Jedną z funkcji wyróżniających się w wyważonym podejściu Apple jest narzędzie Oczyszczanie w Zdjęciach. Podczas gdy wielu konkurentów koncentruje się na manipulacji obrazami generowanymi przez sztuczną inteligencję, Apple wybrał bardziej konserwatywną ścieżkę. Federighi wyjaśnił, że treść fotograficzna jest postrzegana jako reprezentacja rzeczywistości, dlatego Apple unika dodawania funkcji, które mogłyby ją zniekształcić.
Umożliwiając użytkownikom czyszczenie zdjęć bez dodawania nierealistycznych elementów, takich jak zmiany tła, Apple gwarantuje, że zdjęcia pozostaną wiarygodnym zapisem. Odzwierciedla to zaangażowanie firmy w zapewnienie, że narzędzia sztucznej inteligencji pomagają użytkownikom bez wkraczania na terytorium, na którym zaciera się granica między rzeczywistością a sztucznością.
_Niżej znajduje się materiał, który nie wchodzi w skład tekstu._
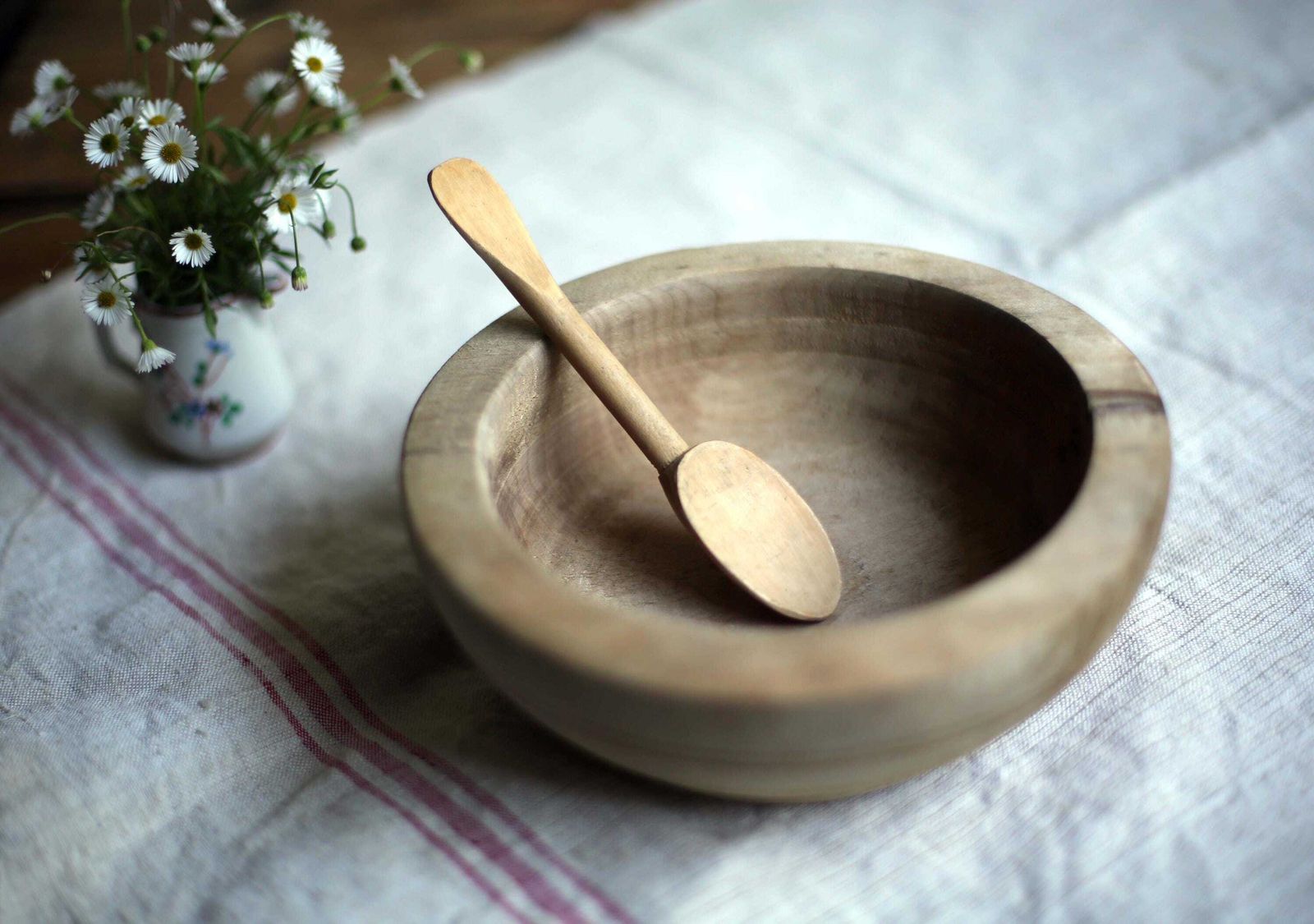 Antique Wooden Bowl Small Primitive French Dish & Carved Wood Spoon photo furniture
Proces ten będzie powolny i przemyślany, w miarę jak Apple będzie rozszerzać swoje możliwości sztucznej inteligencji. Federighi podkreślił, że opracowywanie funkcji Apple Intelligence jest częścią „wieloletniej, szczerze mówiąc, nawet kilkudziesięciu lat” podróży. Apple nie spieszy się ze sztuczną inteligencją. Firma koncentruje się na doświadczeniach użytkowników i prywatności, zgodnie ze swoimi podstawowymi wartościami.